Over the last five years or so I’ve found myself in the world of management, Manger, Director, VP and CTO. I think anyone who has busted their ass from the lowest rung on ladder to the boardroom has a different perspective — thoughts on what works, and what sucks — but more importantly WHY.

I like to think of myself as someone who learns from their mistakes, or even just from their experience. I believe reflection is the key to management. The way to succeed going forward is to measure both success and failure with any project, tie it to key events or metrics, and apply it going forward toward a goal. To that end I look at making my team happier, more efficient and less prone to error. I want folks joining my team to get up to speed quickly and contribute. I want the company as a whole to never think product and development are the bottlenecks to being successful, but instead are the resource to leverage to make ideas come alive and implement strategy.

It’s funny, I bring people on my team and they reminisce about their last job where they laugh and say “Noone wanted to touch that code”, “it was impossible to maintain”, “it didn’t work”, “we had five libraries that did the same thing” or “we kept changing things so we never finished”.

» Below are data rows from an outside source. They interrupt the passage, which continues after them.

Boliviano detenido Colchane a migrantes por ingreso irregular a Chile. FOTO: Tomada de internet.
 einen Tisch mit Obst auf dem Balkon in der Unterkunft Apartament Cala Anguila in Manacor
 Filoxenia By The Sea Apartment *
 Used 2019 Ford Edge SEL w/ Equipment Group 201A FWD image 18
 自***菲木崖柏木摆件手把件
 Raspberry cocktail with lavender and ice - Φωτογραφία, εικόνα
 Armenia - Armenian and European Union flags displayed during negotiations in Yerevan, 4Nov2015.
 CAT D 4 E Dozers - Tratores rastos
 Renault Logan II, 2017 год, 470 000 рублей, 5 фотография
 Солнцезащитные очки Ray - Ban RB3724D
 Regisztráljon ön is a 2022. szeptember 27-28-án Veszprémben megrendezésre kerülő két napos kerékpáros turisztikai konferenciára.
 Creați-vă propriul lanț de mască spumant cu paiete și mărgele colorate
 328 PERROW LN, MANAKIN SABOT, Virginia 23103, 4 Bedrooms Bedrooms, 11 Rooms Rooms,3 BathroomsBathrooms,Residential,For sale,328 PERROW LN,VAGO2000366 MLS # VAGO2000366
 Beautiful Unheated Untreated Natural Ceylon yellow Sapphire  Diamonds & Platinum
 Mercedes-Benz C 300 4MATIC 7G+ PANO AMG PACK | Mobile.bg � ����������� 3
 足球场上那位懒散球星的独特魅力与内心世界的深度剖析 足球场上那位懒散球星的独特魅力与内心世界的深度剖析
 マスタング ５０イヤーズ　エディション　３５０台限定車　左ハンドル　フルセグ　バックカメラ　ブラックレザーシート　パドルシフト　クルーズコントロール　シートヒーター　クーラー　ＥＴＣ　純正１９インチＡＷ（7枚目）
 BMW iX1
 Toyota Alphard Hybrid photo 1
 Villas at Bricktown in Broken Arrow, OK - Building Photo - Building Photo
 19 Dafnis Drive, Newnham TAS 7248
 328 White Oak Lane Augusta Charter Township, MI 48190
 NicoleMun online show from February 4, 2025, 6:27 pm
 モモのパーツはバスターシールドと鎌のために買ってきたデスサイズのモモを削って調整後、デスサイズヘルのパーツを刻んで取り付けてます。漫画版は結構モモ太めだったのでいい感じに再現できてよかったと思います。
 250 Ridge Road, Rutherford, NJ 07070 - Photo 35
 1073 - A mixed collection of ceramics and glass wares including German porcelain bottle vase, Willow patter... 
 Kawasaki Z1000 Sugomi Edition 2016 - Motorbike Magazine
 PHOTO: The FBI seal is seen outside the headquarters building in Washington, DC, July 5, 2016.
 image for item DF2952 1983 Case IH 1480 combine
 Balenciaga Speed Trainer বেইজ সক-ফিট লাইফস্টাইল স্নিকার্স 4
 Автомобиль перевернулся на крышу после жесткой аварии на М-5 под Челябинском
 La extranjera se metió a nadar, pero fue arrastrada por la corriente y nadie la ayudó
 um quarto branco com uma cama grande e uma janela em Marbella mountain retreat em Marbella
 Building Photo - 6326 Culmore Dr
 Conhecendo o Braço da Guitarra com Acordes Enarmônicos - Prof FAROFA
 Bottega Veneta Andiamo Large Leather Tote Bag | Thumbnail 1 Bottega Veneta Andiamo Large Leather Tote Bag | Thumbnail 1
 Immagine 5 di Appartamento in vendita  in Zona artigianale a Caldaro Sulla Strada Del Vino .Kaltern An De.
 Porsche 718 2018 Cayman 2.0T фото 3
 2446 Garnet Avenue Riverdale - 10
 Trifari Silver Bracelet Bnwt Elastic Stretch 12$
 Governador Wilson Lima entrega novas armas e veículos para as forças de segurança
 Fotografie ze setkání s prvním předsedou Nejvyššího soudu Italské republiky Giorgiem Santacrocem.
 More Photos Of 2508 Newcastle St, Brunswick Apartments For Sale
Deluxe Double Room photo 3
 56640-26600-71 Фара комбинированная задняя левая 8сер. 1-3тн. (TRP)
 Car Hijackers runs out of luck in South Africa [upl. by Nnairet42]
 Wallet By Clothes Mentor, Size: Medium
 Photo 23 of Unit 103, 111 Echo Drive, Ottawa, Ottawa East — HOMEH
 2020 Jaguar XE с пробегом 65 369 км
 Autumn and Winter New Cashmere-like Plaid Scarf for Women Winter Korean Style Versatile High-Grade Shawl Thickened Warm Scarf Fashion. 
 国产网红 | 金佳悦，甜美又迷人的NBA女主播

Ahh, if I had a dime for every time…

Over the years methodologies come and go, waterfall, XP, agile, whatever, and after doing alot of research and watching my own teams in action, I’ve come to a single simple conclusion:

Successful software is made by being unselfish..

Here, successful is defined as software that

  • does what it is supposed to do
  • is easy to maintain
  • is easy to change
  • is easy to learn
  • is not the bottleneck for the business
  • doesn’t scare the shit out of the people working on it

The less impact any change has on others or the system as a whole, the more unselfish it is.

The more burden an individual takes on to reduce the impact on others, the more unselfish it is.

That about sums it up. This blog is dedicated to the furtherment of those principles and how they can be applied in successful software development.